Problem requirements
Your answer is to be every line of the material that includes the string "patterned".
#####
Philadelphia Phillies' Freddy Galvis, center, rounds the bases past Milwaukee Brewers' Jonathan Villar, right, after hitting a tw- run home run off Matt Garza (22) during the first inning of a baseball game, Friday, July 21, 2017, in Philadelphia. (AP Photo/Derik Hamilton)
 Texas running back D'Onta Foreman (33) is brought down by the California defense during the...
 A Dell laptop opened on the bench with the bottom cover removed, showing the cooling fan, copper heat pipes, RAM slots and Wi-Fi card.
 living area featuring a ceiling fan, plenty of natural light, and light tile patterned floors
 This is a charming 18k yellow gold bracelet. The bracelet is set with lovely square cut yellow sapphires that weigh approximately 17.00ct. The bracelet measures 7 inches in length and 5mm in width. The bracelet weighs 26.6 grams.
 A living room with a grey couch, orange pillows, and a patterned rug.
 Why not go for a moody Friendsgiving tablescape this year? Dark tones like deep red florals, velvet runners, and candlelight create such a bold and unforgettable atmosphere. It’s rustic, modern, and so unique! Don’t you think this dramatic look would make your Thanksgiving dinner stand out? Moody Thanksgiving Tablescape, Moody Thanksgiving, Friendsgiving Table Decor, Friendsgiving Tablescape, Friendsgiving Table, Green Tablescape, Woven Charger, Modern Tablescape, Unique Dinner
#####
Result of this exercise
 living area featuring a ceiling fan, plenty of natural light, and light tile patterned floors
 A living room with a grey couch, orange pillows, and a patterned rug.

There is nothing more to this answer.